Raised in Beirut, Ghosn previously chaired the board of trustees of the Beirut Museum of Art (BeMA), which is backed by the non-profit association for Lebanese art, Apeal. He is still listed on the museum’s website as its honorary chairman. Ghosn is related to Sandra Abou Nader, Apeal’s co-founder, and has invested in her ambitious property development of a winter resort in Lebanon’s Cedars region.
Abou Nader says she was “shocked to hear the disturbing news of the detention of Carlos, who has been an active supporter of BeMA for the past three years”. However, she adds, although “he expressed interest in supporting the educational programming, the construction of the museum is not dependent upon any commitment of funds from him”.
Originally planned to open in 2020, the privately funded museum has been delayed amid “irreconcilable differences” with the architect first appointed to design the building, Hala Wardé.
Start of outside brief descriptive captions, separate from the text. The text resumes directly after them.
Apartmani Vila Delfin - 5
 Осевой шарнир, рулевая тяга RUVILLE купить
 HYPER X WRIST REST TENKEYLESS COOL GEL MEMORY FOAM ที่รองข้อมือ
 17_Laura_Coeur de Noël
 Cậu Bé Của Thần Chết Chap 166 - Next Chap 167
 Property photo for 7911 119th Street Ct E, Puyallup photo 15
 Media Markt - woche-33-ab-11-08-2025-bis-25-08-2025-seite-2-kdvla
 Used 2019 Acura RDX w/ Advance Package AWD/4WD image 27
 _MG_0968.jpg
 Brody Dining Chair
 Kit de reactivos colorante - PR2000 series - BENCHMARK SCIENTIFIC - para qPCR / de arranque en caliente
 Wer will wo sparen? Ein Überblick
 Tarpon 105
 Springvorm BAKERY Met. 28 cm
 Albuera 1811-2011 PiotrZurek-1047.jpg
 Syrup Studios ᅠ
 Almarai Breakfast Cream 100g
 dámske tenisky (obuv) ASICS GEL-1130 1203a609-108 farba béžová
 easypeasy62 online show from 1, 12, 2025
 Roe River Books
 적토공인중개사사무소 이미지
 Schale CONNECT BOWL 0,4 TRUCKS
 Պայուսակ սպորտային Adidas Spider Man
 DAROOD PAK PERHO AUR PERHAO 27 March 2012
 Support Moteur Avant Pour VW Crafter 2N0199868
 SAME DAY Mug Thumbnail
The French-Lebanese architect was dismissed last September, two years after her project for a 120m-high “campanile” tower in enamelled brick was selected by an international jury. After weeks of negotiations between the BeMA board members, she was replaced in December by WORKac—an architectural firm co-founded and co-led by the New York-based, Lebanese born architect Amale Andraos and her partner Dan Wood—which received a special mention from the jury in 2016.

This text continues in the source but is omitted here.